The Office of Management and Budget’s proposed federal budget for 2018 has put critical programs within the EPA in jeopardy. Among them is Energy Star, which has helped individuals and businesses save money and protect our environment through increased energy efficiency since 1992. Energy-efficient appliances, products and buildings that meet a high performance standard may earn the Energy Star label.

LEED and Energy Star

As an early adopter of energy performance standards, Energy Star helped pave the way for the development of USGBC’s LEED rating system. Buildings earn LEED certification upon meeting certain levels of energy efficiency, among other measures. In fact, LEED uses the Energy Star system to empower property owners and occupants with the tools they need to meet these requirements and earn additional credits.

Among the LEED prerequisites is a requirement to reduce indoor water consumption by reaching certain performance standards for appliances, which includes those labeled as Energy Star. In addition to products, Energy Star identifies energy-efficient buildings.

Energy Star gives users the tools they need to reach a higher level of building energy performance, therefore positioning them closer to the standards required for LEED certification.

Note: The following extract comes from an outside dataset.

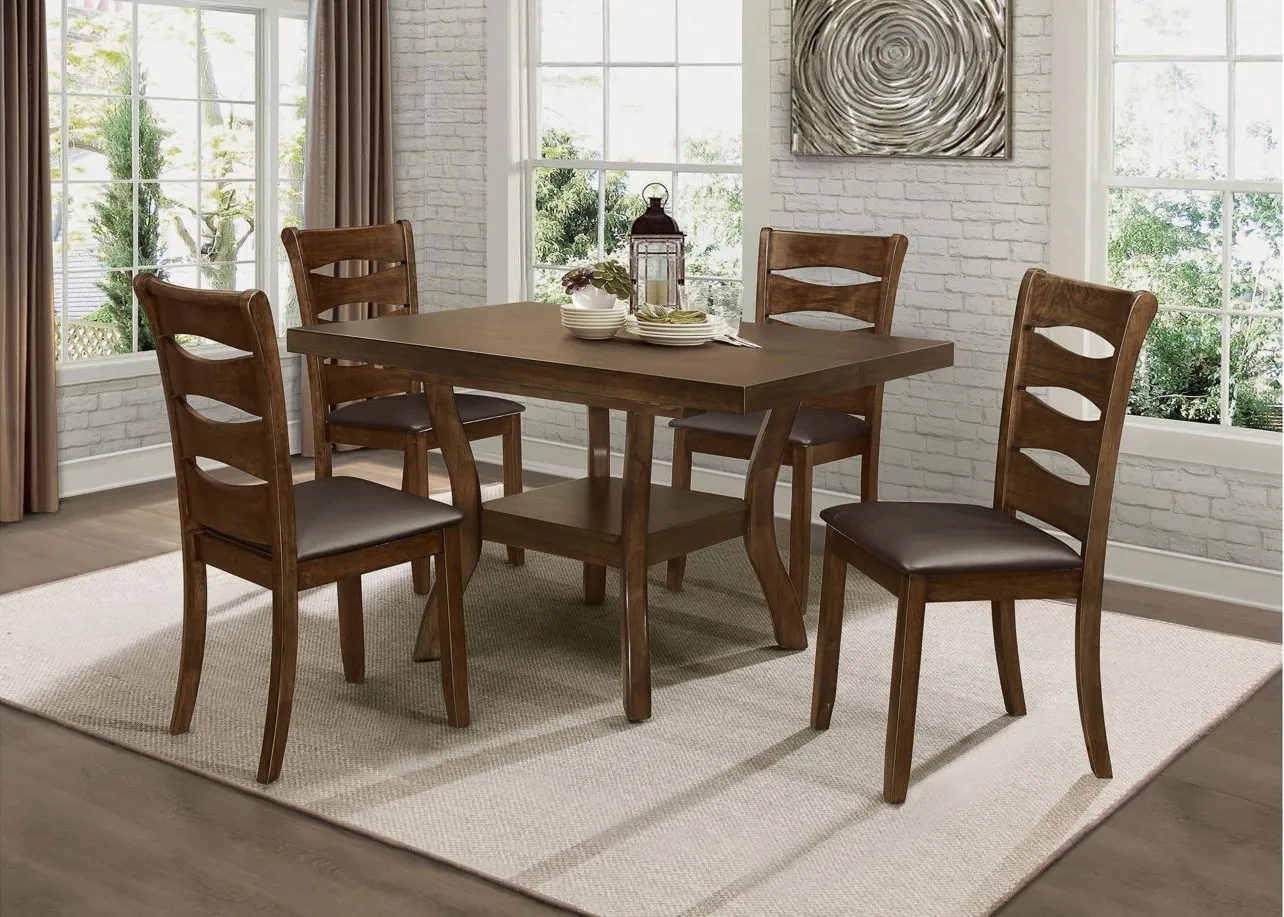 Coring 5-pc. Dining Room Set in Brown by Homelegance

In short, Energy Star helps make LEED possible.

There are many LEED-certified buildings in the private sector that also reach high Energy Star standards for buildings. Here are just a few examples:

Creekside West: Lakewood, Colorado

Creekside West offers affordable housing for adults 62 and older. It boasts renewable energy features such as 102,000-watt rooftop photovoltaic system and an extensive lighting control system. Energy-efficient lighting and appliances and water-efficient plumbing fixtures were incorporated as well. Creekside West is designed to consume 50 percent less energy and water than a typical building.

Nearly 90 percent of the project's construction materials were recycled and diverted from nearby landfills, and at least 10 percent of all materials originated from nearby locations. Native plants and outdoor drip irrigation reduce the need for water for landscaping, and a green roof reduces the heat island effect on the underground parking garage 

Creekside West is Colorado’s first LEED Platinum (84/100) multifamily building, certified in 2011. The project also achieved a 100 Energy Star rating.  The project has accessible pathways and is near public transportation, as well as providing indoor and outdoor bicycle storage and priority parking for low-emission vehicles. 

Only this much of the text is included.